A necessidade de revigoramento da ideologia jurídica é inadiável numa perspectiva global, multidisciplinar e multicultural para acompanhar a governança socioambiental, pública e privada, gestão de empreendedorismo tecnológico, inovação e gestão pública de políticas abertas.

A sigla ESG pode ser compreendida pelo equilíbrio entre os aspectos ambiental, social e de governança de uma gestão. A governança pode ocorrer em instituições públicas, privadas, federais, estaduais ou municipais. Todas podem ser infinitamente melhores em termos administrativos, executivos e de regramentos internos e externos. Há formas absurdamente mais eficientes, éticas, humanas e empolgantes de gerir uma organização, uma empresa, um município, um estado e uma nação.

A governança socioambiental com gestão atenta e focada no empreendedorismo tecnológico, inovador, com abertura política para participação efetivamente democrática e popular, com escuta ativa, humanidade, respeito, transparência, ética e feedback para todas as questões, está na ordem do dia e são ideias bastante inovadoras e diferentes para juristas, gestores de empresas públicas e privadas. Afinal, o que estamos fazendo na gestão pública, em algumas gestões privadas e, principalmente, na área jurídica? Como obter eficientemente inovação, tecnologia e gestão participativa, inclusiva, humana, ética e aberta?

É abissal, retrógrado e limitante o sistema jurídico na forma como o enxergamos, fazemos e aplicamos as leis, o Direito! Dados analíticos do CNJ sobre a quantidade de processos estocados, tempo até o julgamento e resolução da causa, são alarmantes e caracterizam a falência do atual sistema. Os juristas tornaram-se robôs com conhecimento técnico. Sobressai quem tem mais conhecimento, técnica e experiência, mas isso é muito pouco perto do que podemos ser e oferecer enquanto cidadãos. Algumas habilidades precisam ser desenvolvidas como: ousadia, inovação, criatividade, reflexão, curiosidade e análise crítica com abordagens de problemas complexos, tomadas de decisões racionais, éticas, espírito de equipe com criação, comunicação e compartilhamento de ideias com pessoas de pensamentos diferentes.

A ciência desenvolvida em outras áreas do conhecimento são oxigenadoras do sistema. É empolgante, entusiasmante e iluminador. A percepção predominante é que a forma de gestão de pessoas muda tudo. Um mundo novo, inovador, revolucionário, vanguardista está se iluminando e isto precisa ser observado com novos olhos pelas empresas públicas, privadas, setores administrativos, executivos e, principalmente, pelo mundo jurídico!

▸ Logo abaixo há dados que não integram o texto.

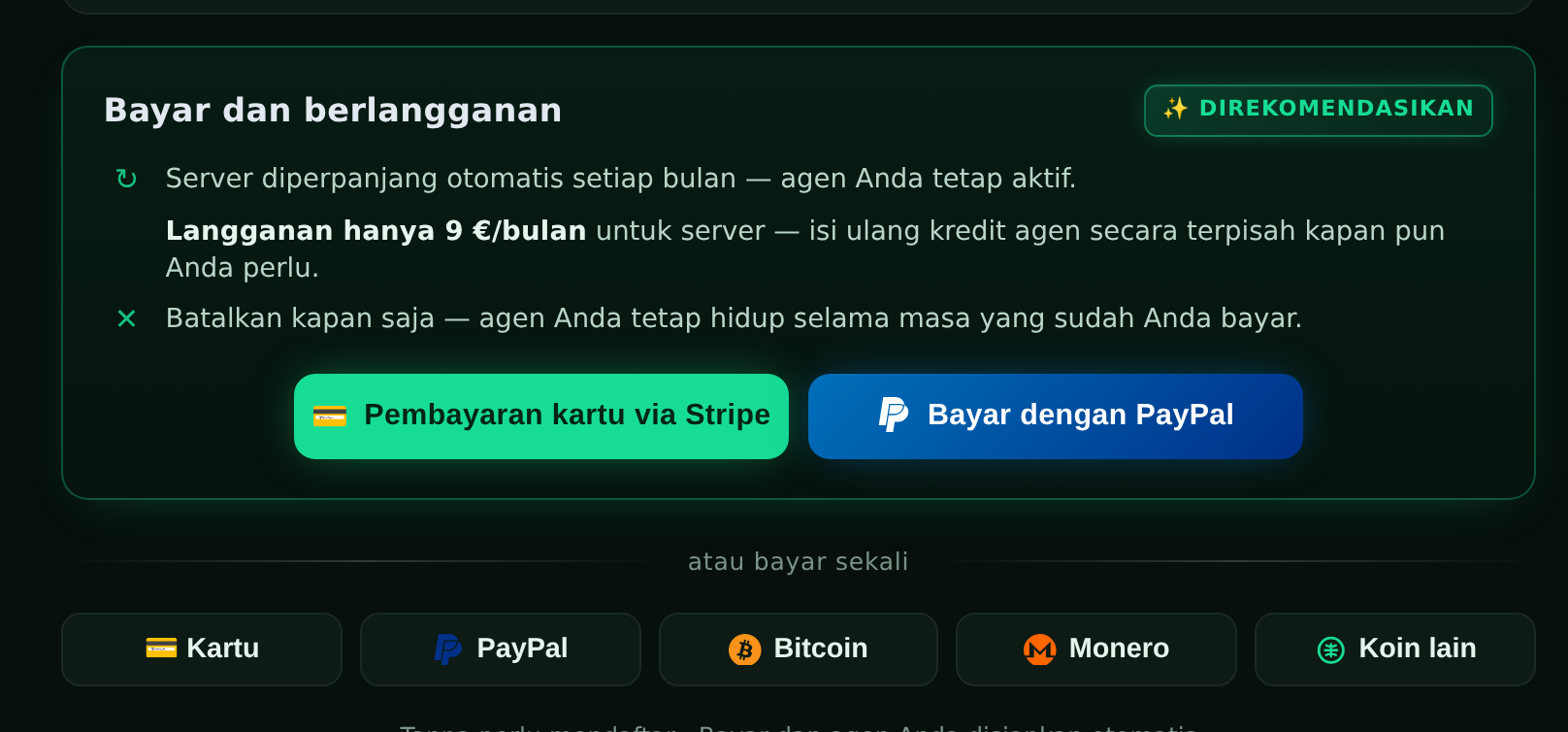 Panel “Bayar dan berlangganan” dengan tombol kartu via Stripe dan PayPal, serta opsi pembayaran sekali di bawahnya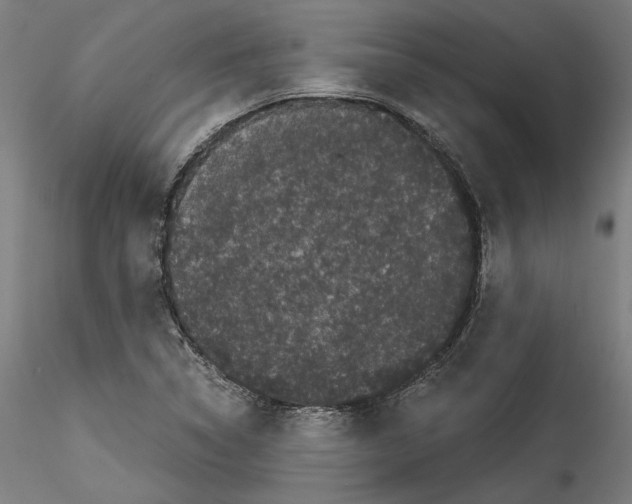 X0000114521314200911301107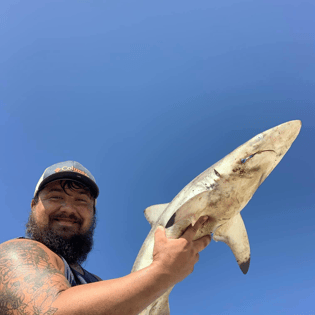 Blacktip Shark Fishing in Destin, Florida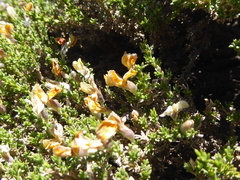 Anarthrophyllum andicolum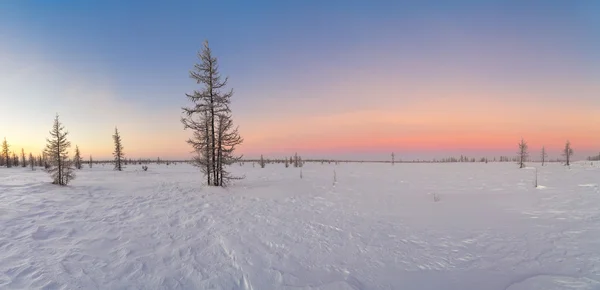 Winter landscape with snow covered trees panorama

O objetivo central será sempre o bem-estar e a igualdade de todos os cidadãos. Para tanto, será preciso enfrentar alguns desafios: Como regulamentar uma inovação sem limitá-la ou impedi-la de crescer? Como regulamentar incentivando novas ideologias e novas startups revolucionárias? Como evoluir de forma regulada? Como obter leveza na regulamentação de forma a estimular o processo de crescimento, desenvolvimento e inovação?

Na implementação de um projeto ou transformação de uma cidade para uma Smart City há necessidade de investimentos maciços (importância das PPPs — parcerias público-privadas), fortalecimento da transversalidade (sinergia, interligação entre as funções urbanas, compartilhamento de dados e articulação entre todos os atores públicos e privados) e abordagem centrada no cidadão, suas necessidades, proteção de liberdades individuais e privacidades, combate de desigualdade, de exclusão social e territorial. Baseada em tecnologias e dados digitais, a cidade inteligente deve cuidar de áreas como a segurança, poluição, gestão energética, mudanças climáticas, sustentabilidade, mobilidade, urbanização desenfreada. Enfim, uma Smart City persegue um objetivo essencial: melhorar a qualidade de vida dos cidadãos.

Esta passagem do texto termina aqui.